As shown in Table 3, the absolute value of the slope (m) for regulator A (Sunsaver SS-6L) is consistently lower than that of the other two regulators across all data points. As the number of data points increases, R² also increases until it rises above 0.7 (70%), indicating a strong linear relationship and thereby strengthening the validity of the comparison. Hence, charge regulator A has been determined to be the most suitable 6 A PWM charge regulator for the proposed project and is therefore recommended for bulk procurement, owing to its best charging performance compared to the other regulators evaluated.

5. Conclusions

This study presents a practical and data-driven methodology for selecting an efficient PWM solar charge regulator for use in a real-world off-grid solar PV streetlight configuration. The primary objective was to address the challenge of identifying the most suitable regulator among the three commercially available selected units with identical load current ratings, particularly when manufacturers do not provide efficiency specifications in the data sheets. Data acquisition was performed using LabVIEW-based virtual instrumentation to analyze battery charge/discharge behavior over time. Linear Regression Algorithm (LRA) has proved to be suitable to analyze battery discharge performance only in the linear SoC region of the voltage curve.

All three charge regulators consistently delivered current to the lighting load at levels nearing the full-load current of 3.76 A as tests were conducted simultaneously under similar environmental conditions to minimize comparative measurement errors. However, their battery discharge rates varied significantly. The discharge slope reflects the rate of battery voltage decline under constant load, providing a useful indication of how much current is drawn from the battery relative to the charging contribution from the regulator.
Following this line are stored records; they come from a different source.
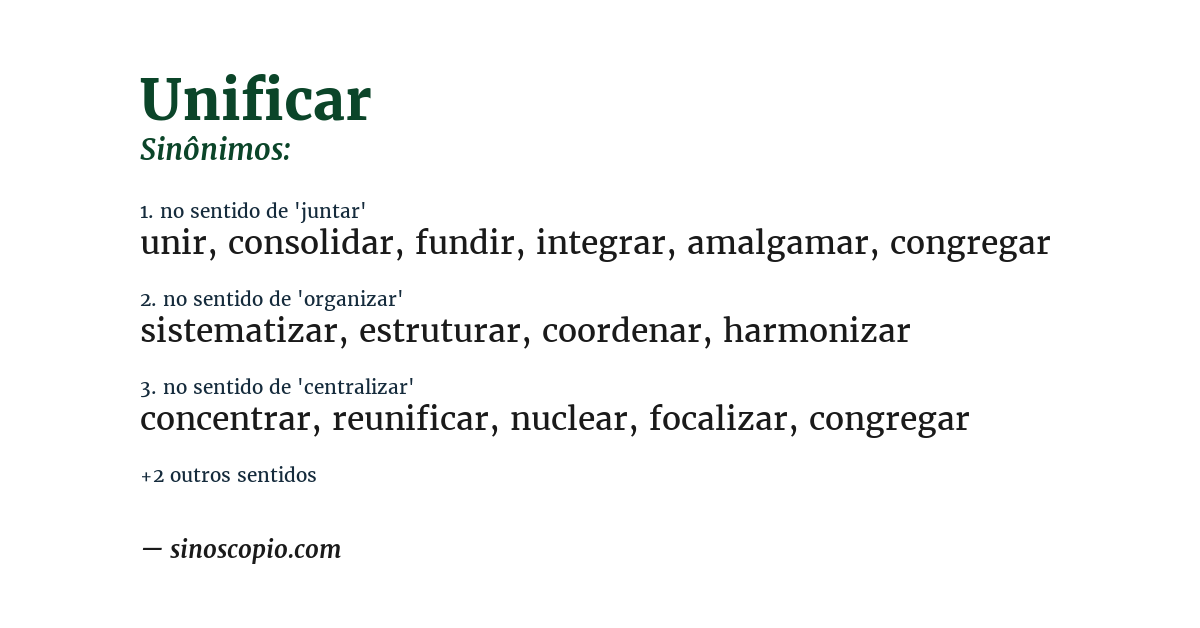 Sinônimo de unificar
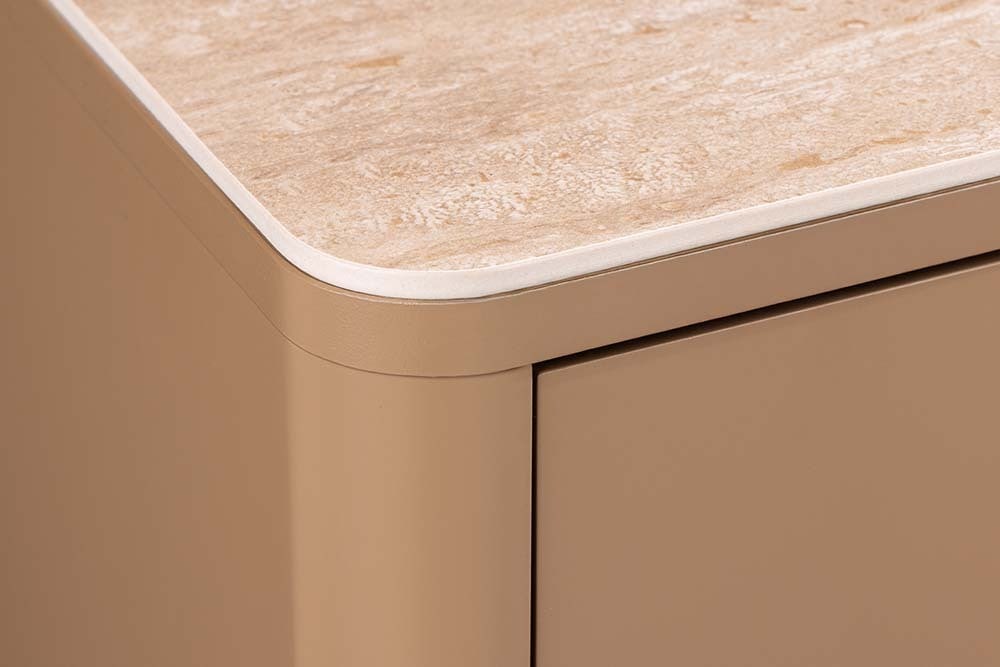 Design Sideboard SAVOY 180cm grau beige greige Travertin Keramik Stauraum 3D-Front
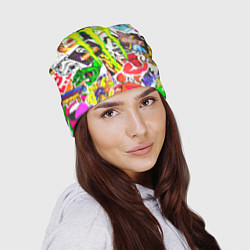 Шапка Monster energy стикеры бренды, цвет: 3D-принт — фото 2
This is a reasonable proxy for internal losses and voltage drop. A steeper slope suggests higher net discharge, while a flatter slope indicates more effective energy retention. This LRA resulted in the identification of the best charge regulator, characterized by low internal losses. This regulator demonstrated the slowest discharge rate (i.e., the least negative voltage gradient of −2.235 as compared to −2.344 and −2.708 offered by other charge regulators) as a result of the lowest voltage drop. These characteristics make it the most suitable option for enhancing the performance and reliability of small-scale off-grid solar PV systems.

The study has identified the following future gaps:

1.

For long-term systems optimization, a more comprehensive efficiency analysis that incorporates coulombic efficiency, energy balance over time, and idle current measurement should be undertaken to study the nonlinear behavior.

2.

Incorporating a full GUM-based analysis for uncertainty in future extended studies, particularly those involving long-term field data or model-based performance extrapolation.

3.

While this study focuses on PWM regulators, the results should not be generalized to all types of charge regulators. Hence, future work will include benchmarking other regulator types, such as MPPT regulators, for further validation.

4.

Additionally, further testing using various battery chemistries—such as Lithium-ion, Nickel-Cadmium (Ni-Cd), and Nickel-Metal Hydride (Ni-MH)—is recommended to study optimal compatibility and system performance in a small-scale solar project.

5.

A future study will be conducted to study the impact of seasonal variations on the performance of the PWM charge regulators.